> [RECORD SET]:

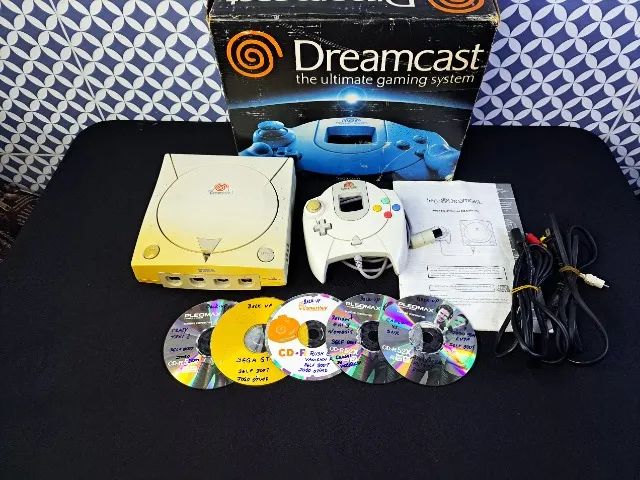 Console Dreamcast Americano Placa Va1. Com caixa e manual. Funcionando bem. Leitor ótimo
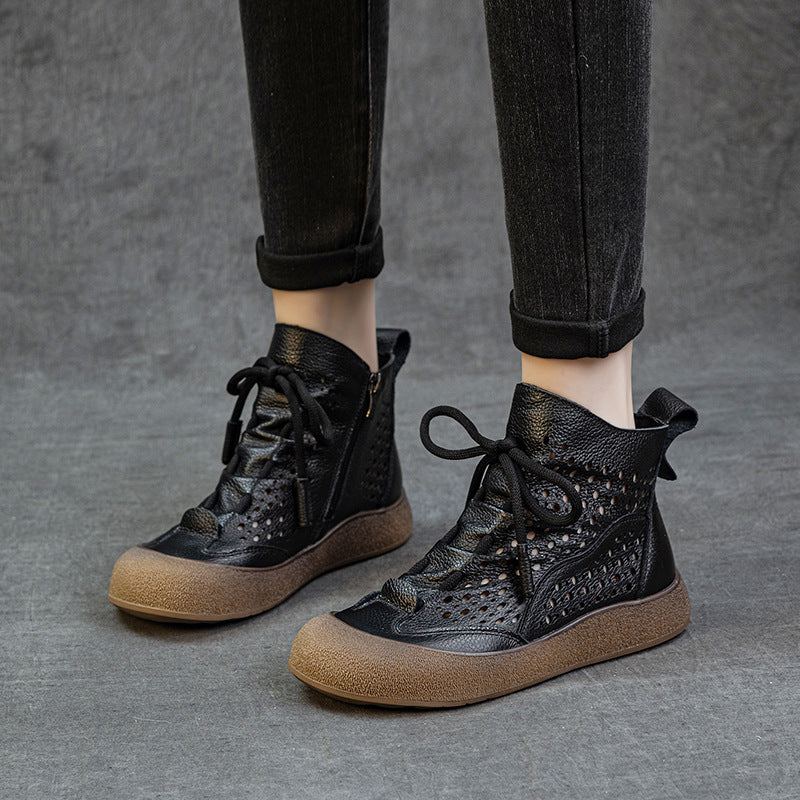 Well Tailored Boots with a Graceful Silhouette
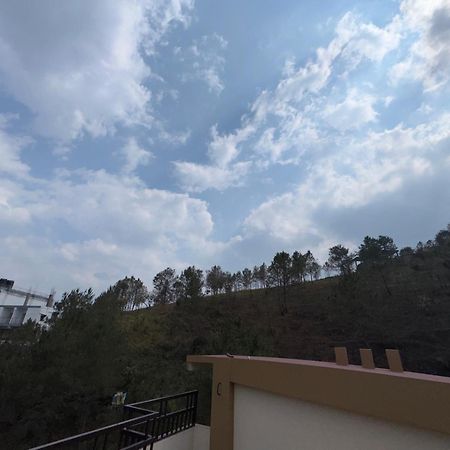 Xtsy Travellers Hostel Shillong Exterior foto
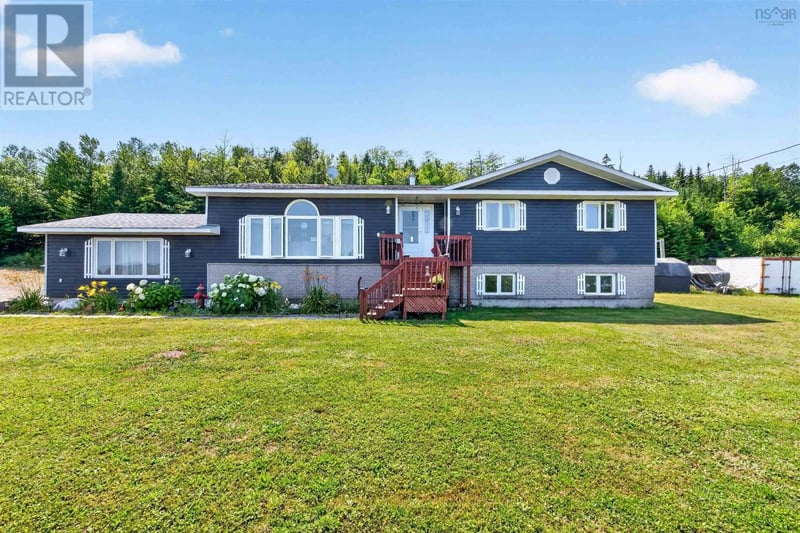 22163 Highway 7, Sheet Harbour, Nova Scotia, B0J3B0, Sheet Harbour, Nova Scotia — photo 1 of 5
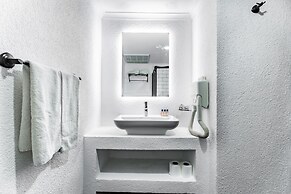 Costa Bitezhan Hotel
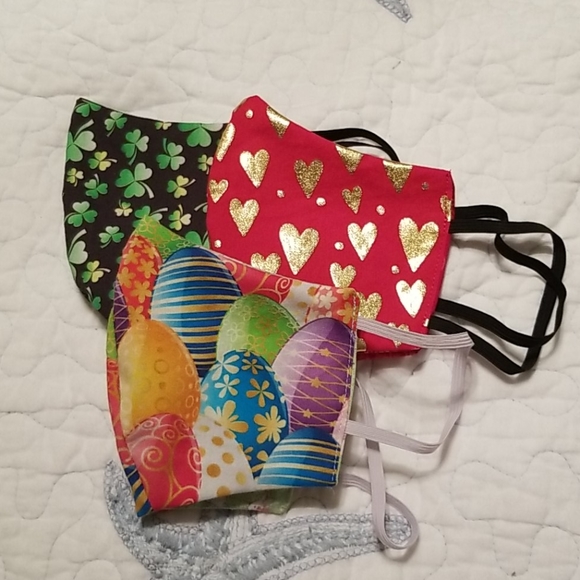 Trio of holiday facemask, chain and no touchkey - Picture 8 of 8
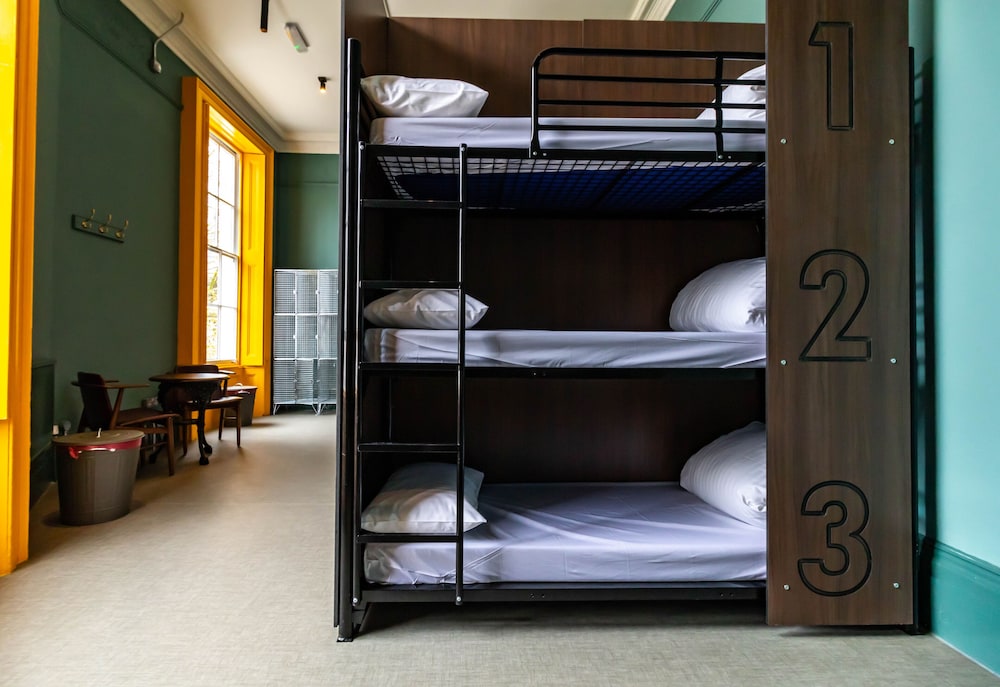 Dormitorio compartido estándar, dormitorio mixto (1 Bed in a 12 Bed Dorm) del hotel Publove The White Ferry, Victoria. Foto 4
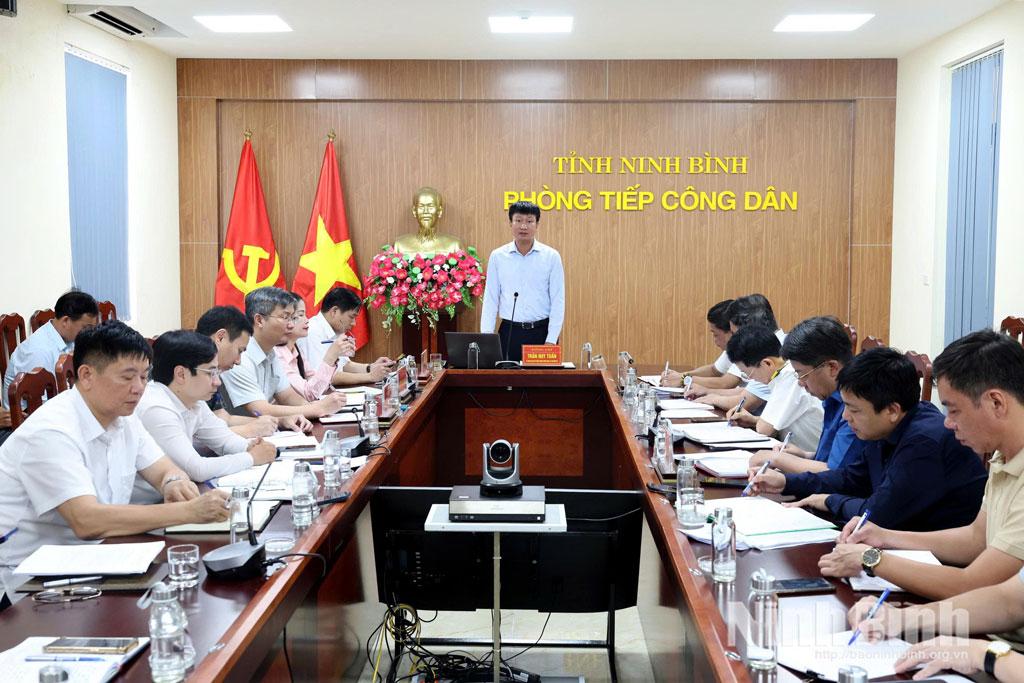 Quang cảnh phiên tiếp công dân.
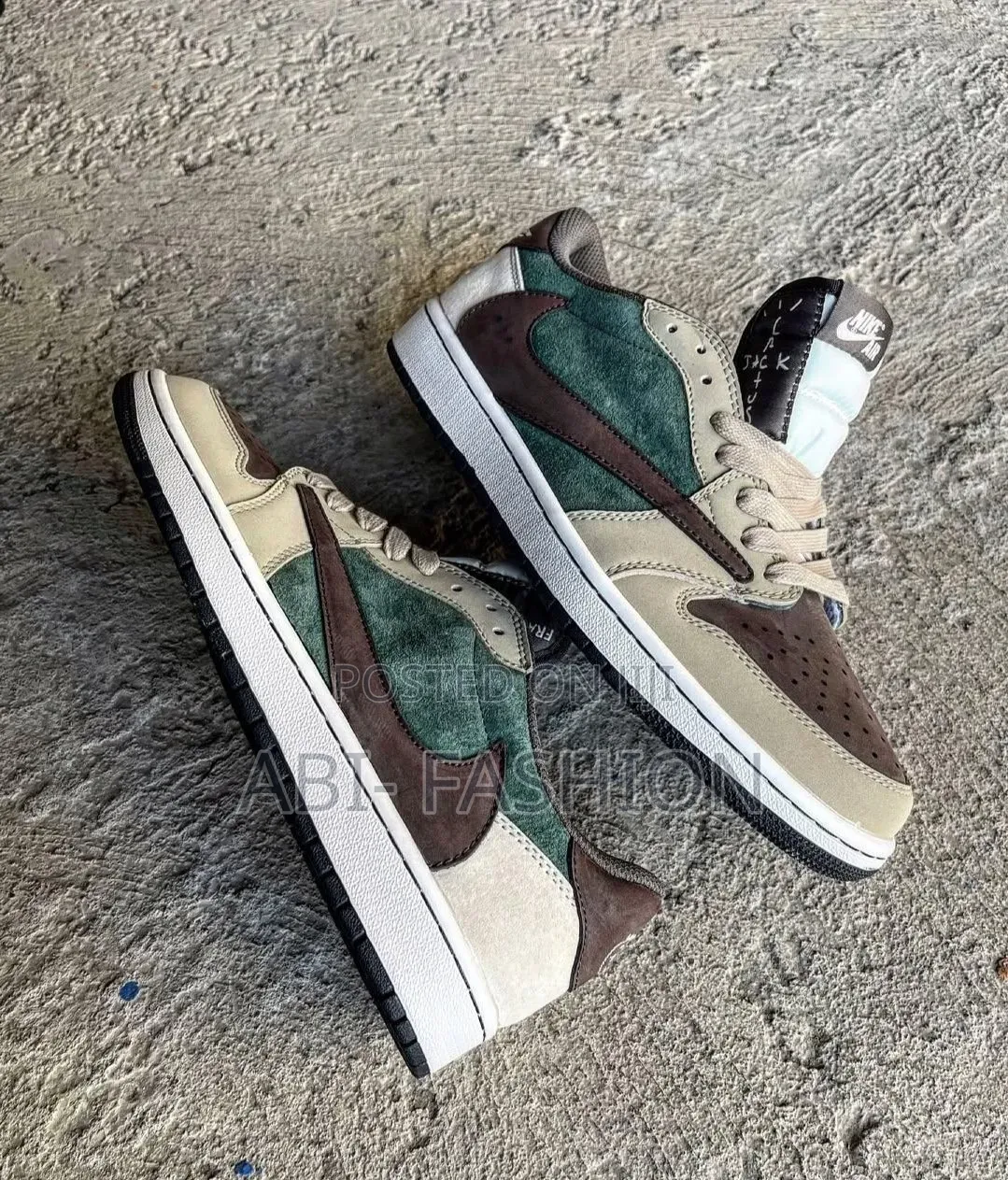 Nike Air Ordan 1travis Scott Medium Olive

> [TRY IT]:
An exact transcript is required, covering the lines from the one containing "Dormitorio compartido estándar, dormitorio" through the end of the listing above, inclusive, without pictures.

> [RESULT OF THIS TASK]:
 Dormitorio compartido estándar, dormitorio mixto (1 Bed in a 12 Bed Dorm) del hotel Publove The White Ferry, Victoria. Foto 4
 Quang cảnh phiên tiếp công dân.
 Nike Air Ordan 1travis Scott Medium Olive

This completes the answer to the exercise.